* **To do**:
Within the data below, determine how many lines contain "Cartoon" and supply only that figure.

* **Data for this exercise**:

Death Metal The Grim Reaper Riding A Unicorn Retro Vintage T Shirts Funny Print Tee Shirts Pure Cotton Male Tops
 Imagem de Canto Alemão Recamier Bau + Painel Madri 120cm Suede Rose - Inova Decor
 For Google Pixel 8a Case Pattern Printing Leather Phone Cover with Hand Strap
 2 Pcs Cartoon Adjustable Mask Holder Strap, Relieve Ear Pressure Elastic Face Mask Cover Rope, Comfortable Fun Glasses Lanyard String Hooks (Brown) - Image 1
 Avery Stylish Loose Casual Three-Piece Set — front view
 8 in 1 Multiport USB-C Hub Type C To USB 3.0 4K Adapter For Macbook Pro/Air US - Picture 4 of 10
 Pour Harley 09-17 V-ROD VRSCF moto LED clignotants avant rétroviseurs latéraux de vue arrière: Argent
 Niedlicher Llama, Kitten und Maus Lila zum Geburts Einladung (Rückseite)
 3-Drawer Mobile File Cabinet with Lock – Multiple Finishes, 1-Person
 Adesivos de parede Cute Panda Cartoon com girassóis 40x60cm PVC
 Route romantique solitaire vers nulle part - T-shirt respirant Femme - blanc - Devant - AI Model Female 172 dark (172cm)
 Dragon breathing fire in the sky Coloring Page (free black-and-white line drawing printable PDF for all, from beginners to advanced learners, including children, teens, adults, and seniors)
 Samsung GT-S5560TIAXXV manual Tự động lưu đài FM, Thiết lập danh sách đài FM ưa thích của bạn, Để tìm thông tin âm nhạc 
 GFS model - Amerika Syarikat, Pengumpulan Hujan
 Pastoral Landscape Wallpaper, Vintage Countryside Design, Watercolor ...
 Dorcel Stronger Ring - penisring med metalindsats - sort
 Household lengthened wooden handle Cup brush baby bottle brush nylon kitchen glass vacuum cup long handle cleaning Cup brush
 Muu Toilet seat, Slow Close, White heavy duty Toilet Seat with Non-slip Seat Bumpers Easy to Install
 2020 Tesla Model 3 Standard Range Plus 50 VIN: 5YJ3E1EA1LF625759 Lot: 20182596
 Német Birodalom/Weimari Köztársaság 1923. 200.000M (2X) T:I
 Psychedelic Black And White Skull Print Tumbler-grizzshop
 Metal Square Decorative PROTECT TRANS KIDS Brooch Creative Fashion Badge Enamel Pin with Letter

* **Result of this exercise**:
2